YOUR ASSIGNMENT:
Keeping every word the same, give again only the lines from the one with "Gray t-shirt with" through the end of the data, both included, and leave every picture out.

SOURCE RECORDS:
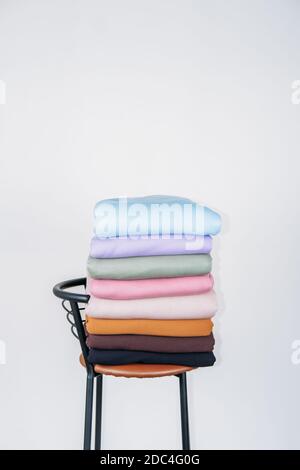 Pile de tissus aux couleurs pastel naturelles sur fond blanc. Tissus et vêtements disposés dans des piles soignées sur la chaise. Arrière-plan de la pile de tissus Banque D'Images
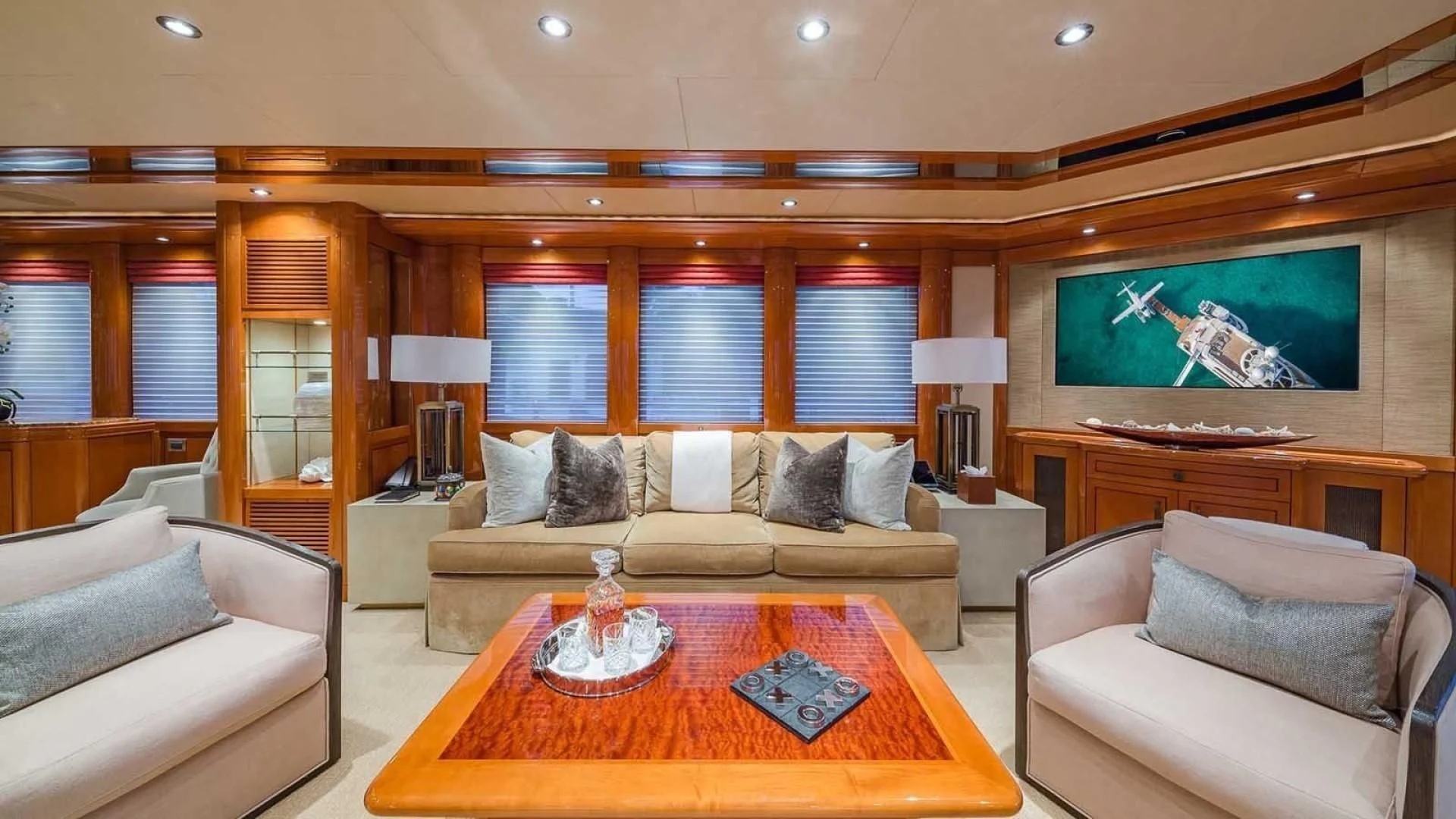 a living room with a large screen aboard AS YOU WISH Yacht for Sale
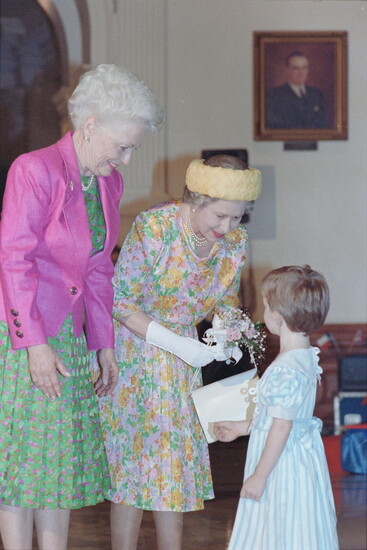 The late Texas governor, Ann Richards and Queen Elizabeth II interacting with a young child. 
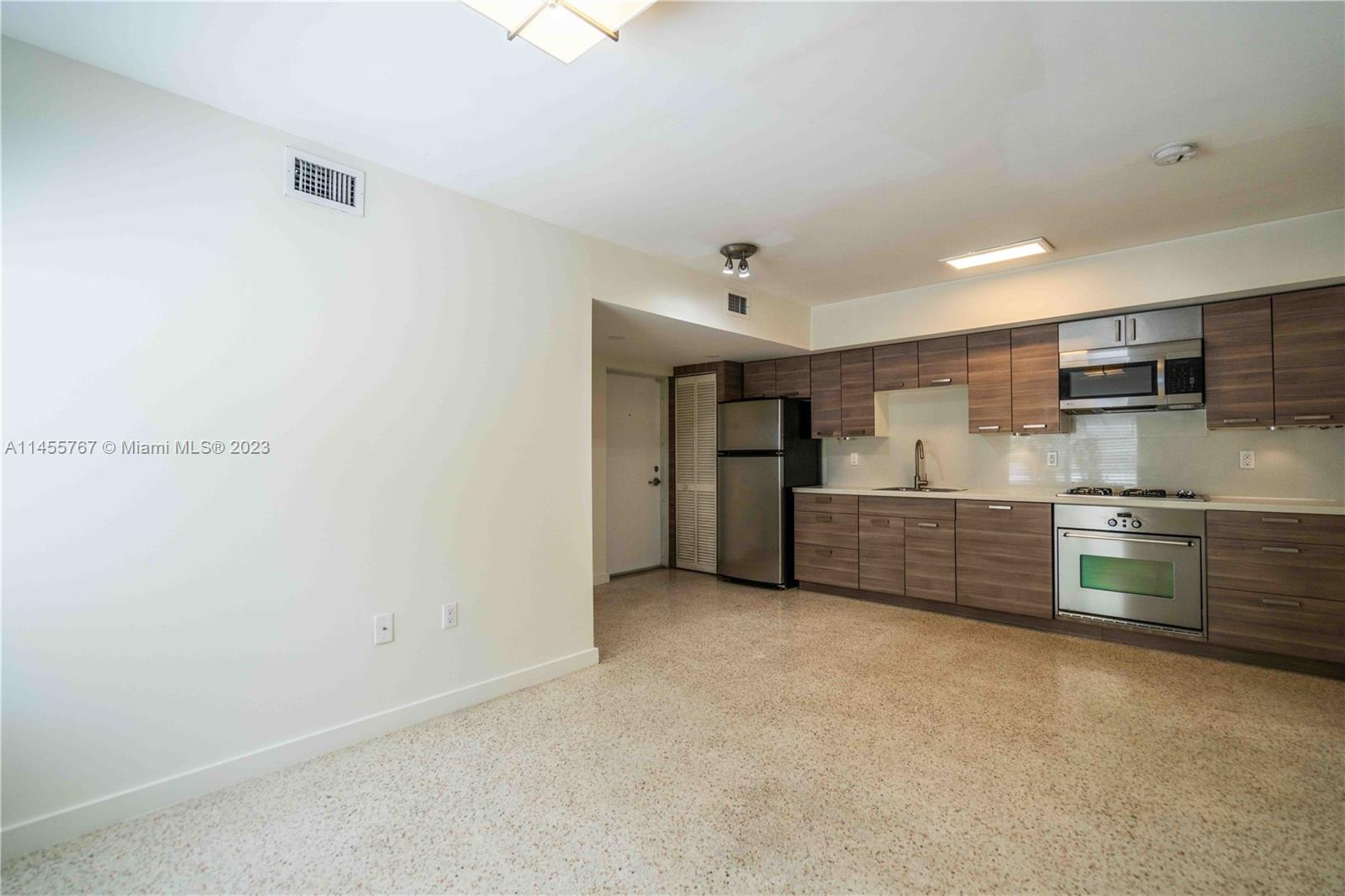 666 Northeast 80th Street, Unit 5 Miami, FL 33138 - Photo 5 of 19 a kitchen with stainless steel appliances a refrigerator and cabinets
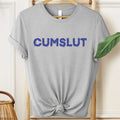 Gray t-shirt with 'CUMSLUT' printed in blue on a hanger.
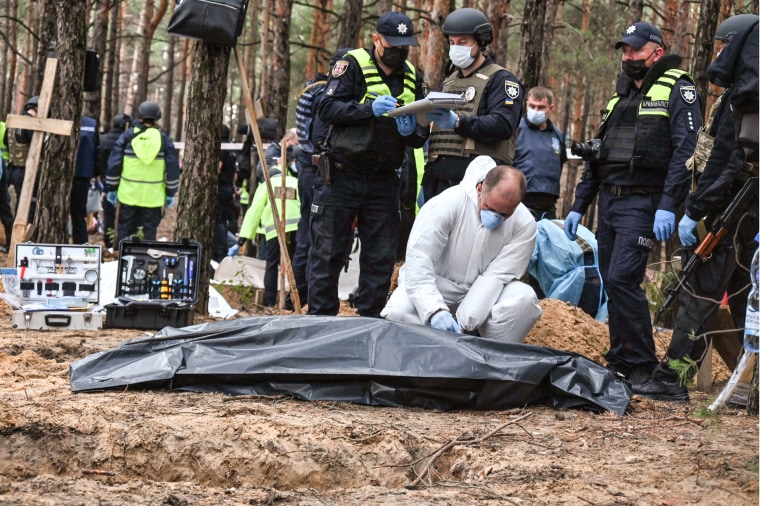 Image: A forensic technician closes a body bag in a forest on the outskirts of Izyum, eastern Ukraine on Sept. 16, 2022.
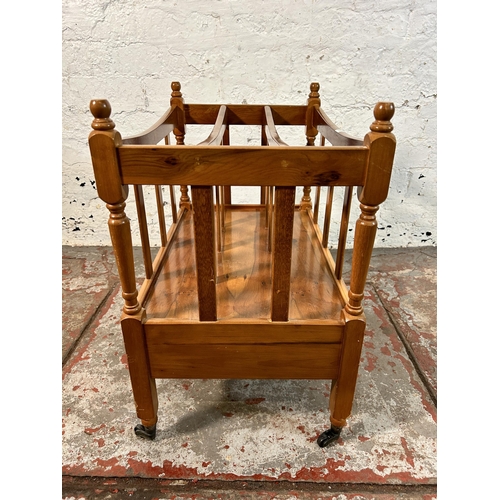 48 - A Regency style yew wood three division Canterbury magazine rack - approx. 53cm high x 50cm wide x 3...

SOLUTION FOR THIS PROBLEM:
 Gray t-shirt with 'CUMSLUT' printed in blue on a hanger.
 Image: A forensic technician closes a body bag in a forest on the outskirts of Izyum, eastern Ukraine on Sept. 16, 2022.
 48 - A Regency style yew wood three division Canterbury magazine rack - approx. 53cm high x 50cm wide x 3...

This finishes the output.